:: Source records
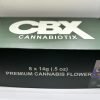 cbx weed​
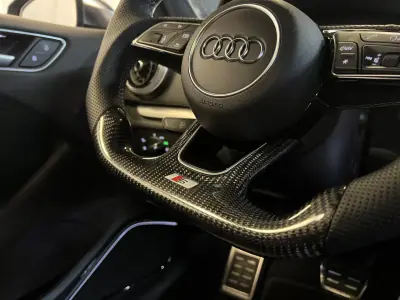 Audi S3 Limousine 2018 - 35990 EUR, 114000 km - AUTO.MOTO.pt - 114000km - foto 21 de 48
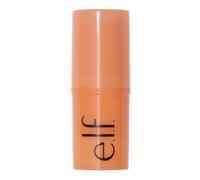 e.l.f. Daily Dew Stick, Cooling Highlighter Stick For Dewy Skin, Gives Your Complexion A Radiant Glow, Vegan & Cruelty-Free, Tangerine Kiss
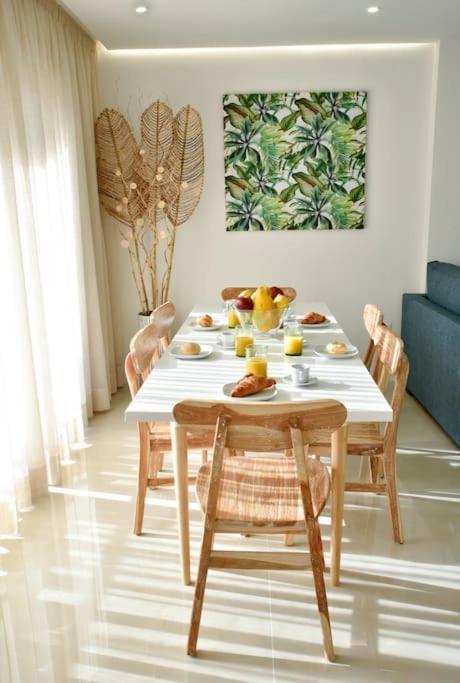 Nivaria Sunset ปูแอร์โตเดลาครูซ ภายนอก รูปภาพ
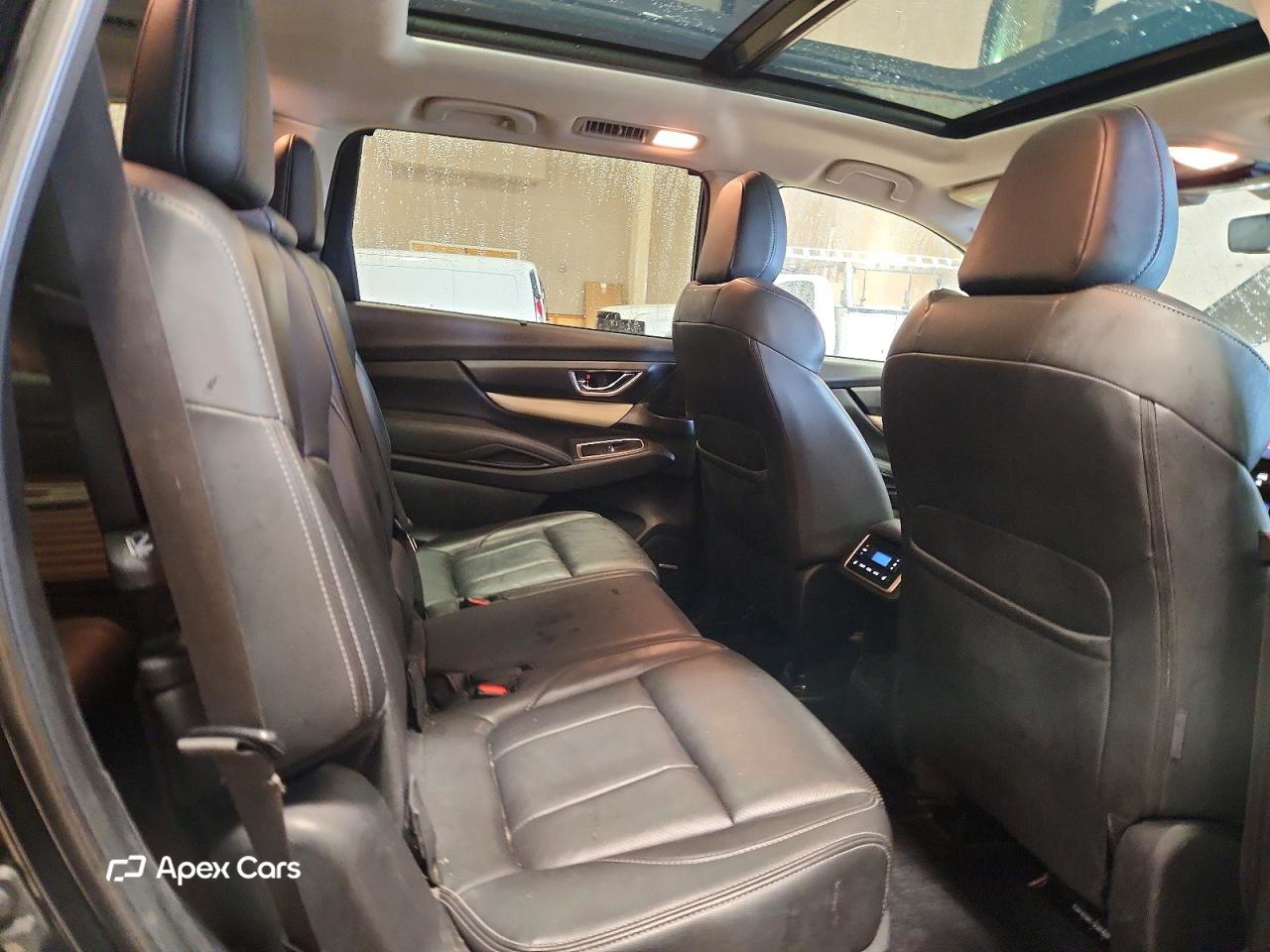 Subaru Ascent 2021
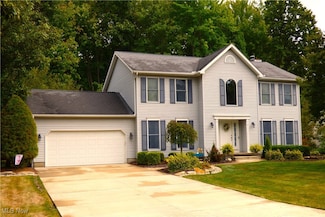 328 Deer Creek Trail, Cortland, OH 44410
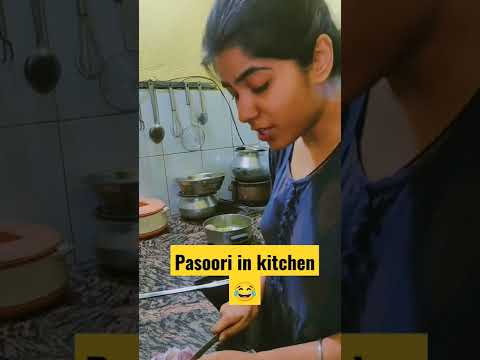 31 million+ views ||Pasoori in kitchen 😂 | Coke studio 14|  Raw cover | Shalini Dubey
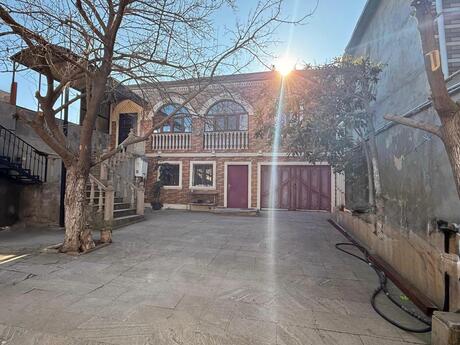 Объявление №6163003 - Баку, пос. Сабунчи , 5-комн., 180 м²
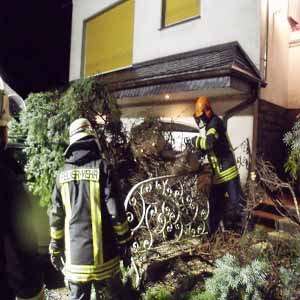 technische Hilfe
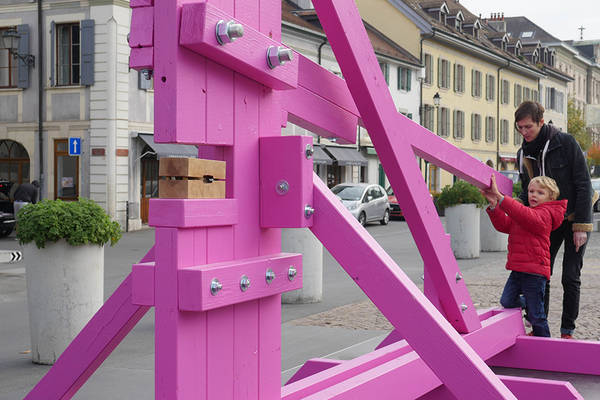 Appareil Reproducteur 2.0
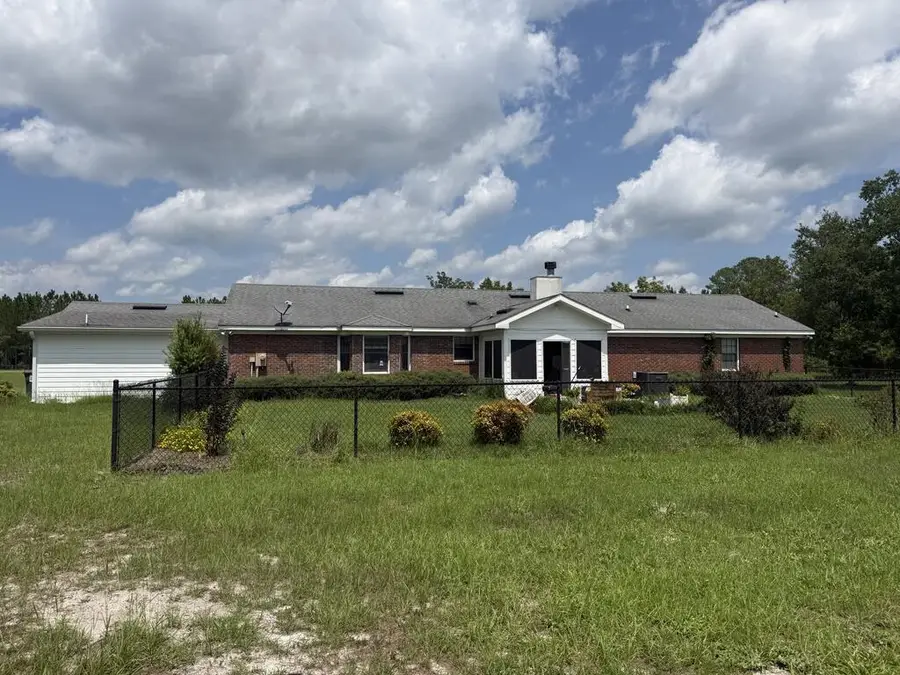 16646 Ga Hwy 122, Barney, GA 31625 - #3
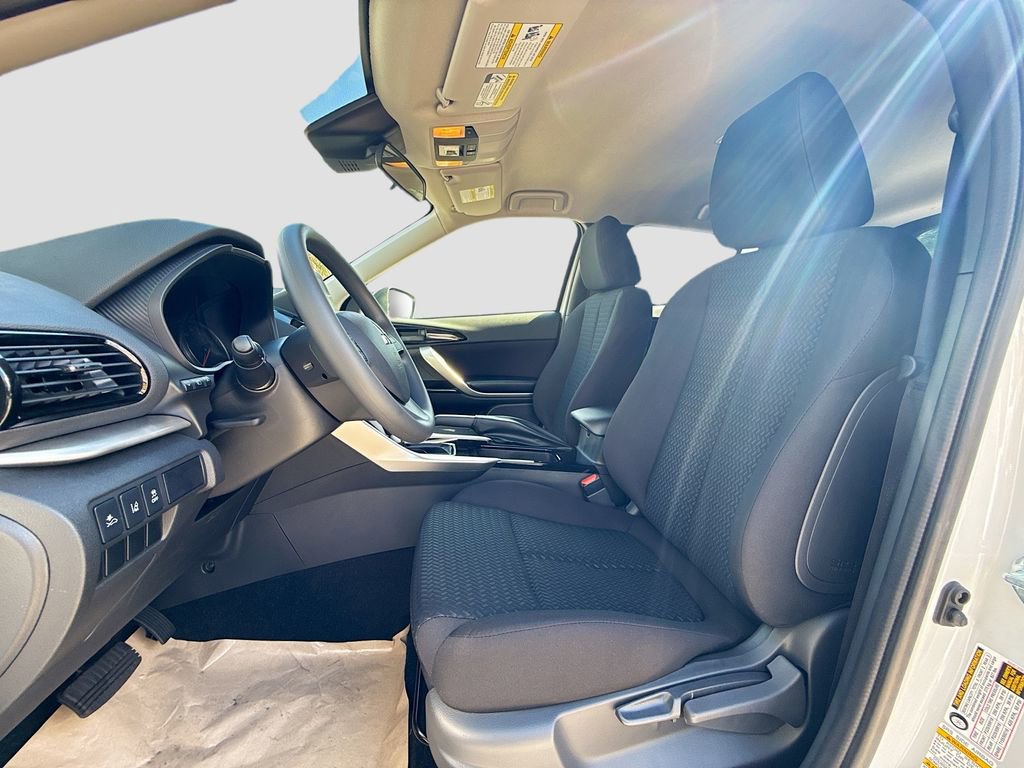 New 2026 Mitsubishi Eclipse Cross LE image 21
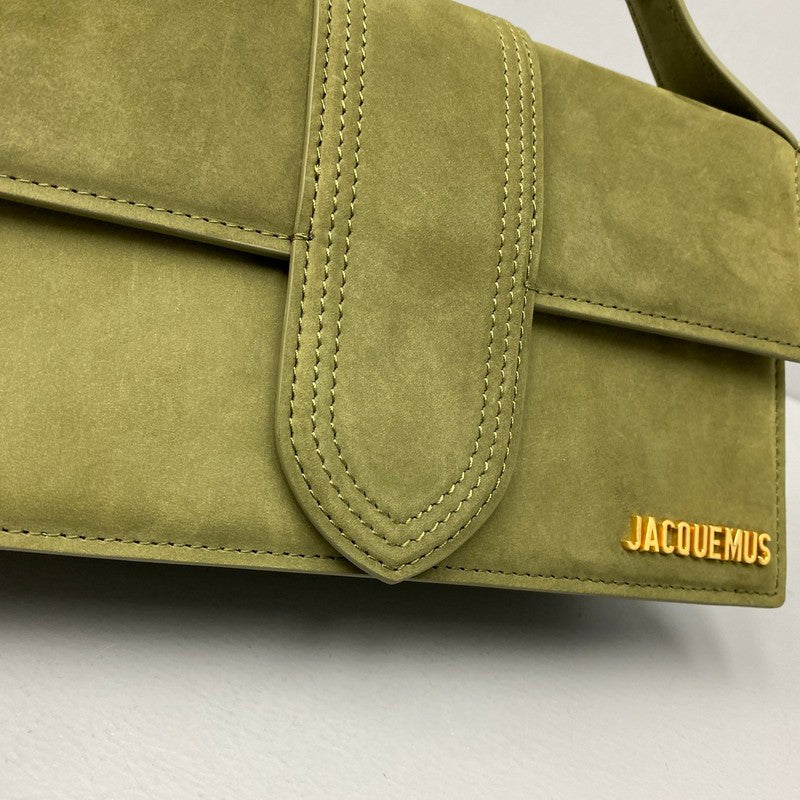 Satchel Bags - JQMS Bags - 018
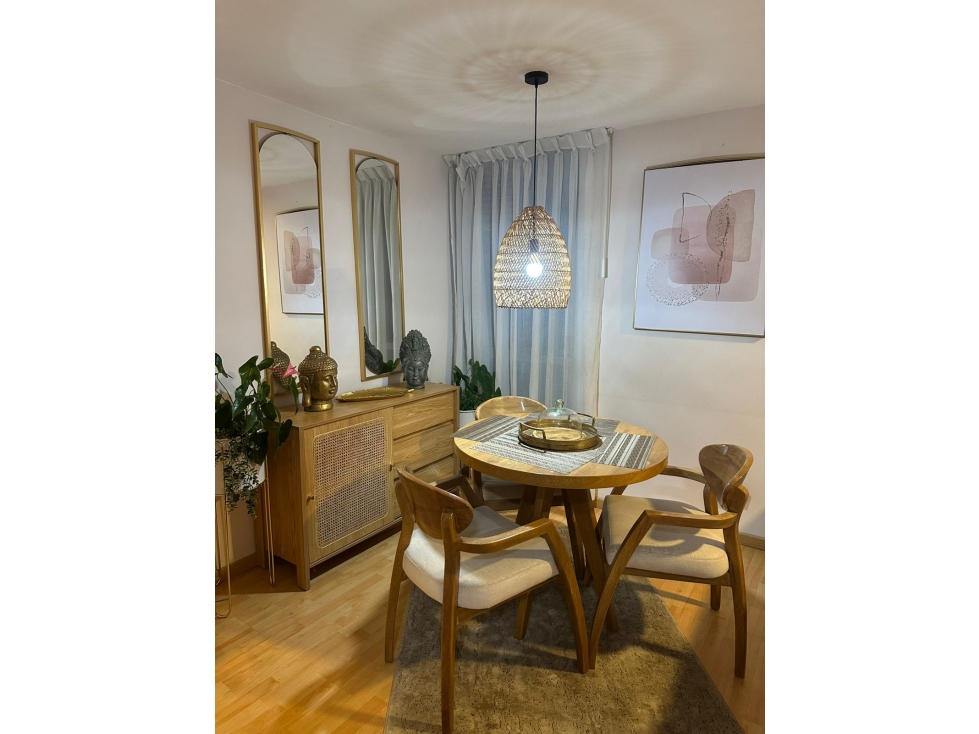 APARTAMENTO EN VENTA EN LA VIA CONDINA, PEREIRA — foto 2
::::
→ Your instructions
From the line containing "Nivaria Sunset ปูแอร์โตเดลาครูซ" to the end of the data above, give those lines again verbatim, with both endpoints included and no images.

→ Output for this task
 Nivaria Sunset ปูแอร์โตเดลาครูซ ภายนอก รูปภาพ
 Subaru Ascent 2021
 328 Deer Creek Trail, Cortland, OH 44410
 31 million+ views ||Pasoori in kitchen 😂 | Coke studio 14|  Raw cover | Shalini Dubey
 Объявление №6163003 - Баку, пос. Сабунчи , 5-комн., 180 м²
 technische Hilfe
 Appareil Reproducteur 2.0
 16646 Ga Hwy 122, Barney, GA 31625 - #3
 New 2026 Mitsubishi Eclipse Cross LE image 21
 Satchel Bags - JQMS Bags - 018
 APARTAMENTO EN VENTA EN LA VIA CONDINA, PEREIRA — foto 2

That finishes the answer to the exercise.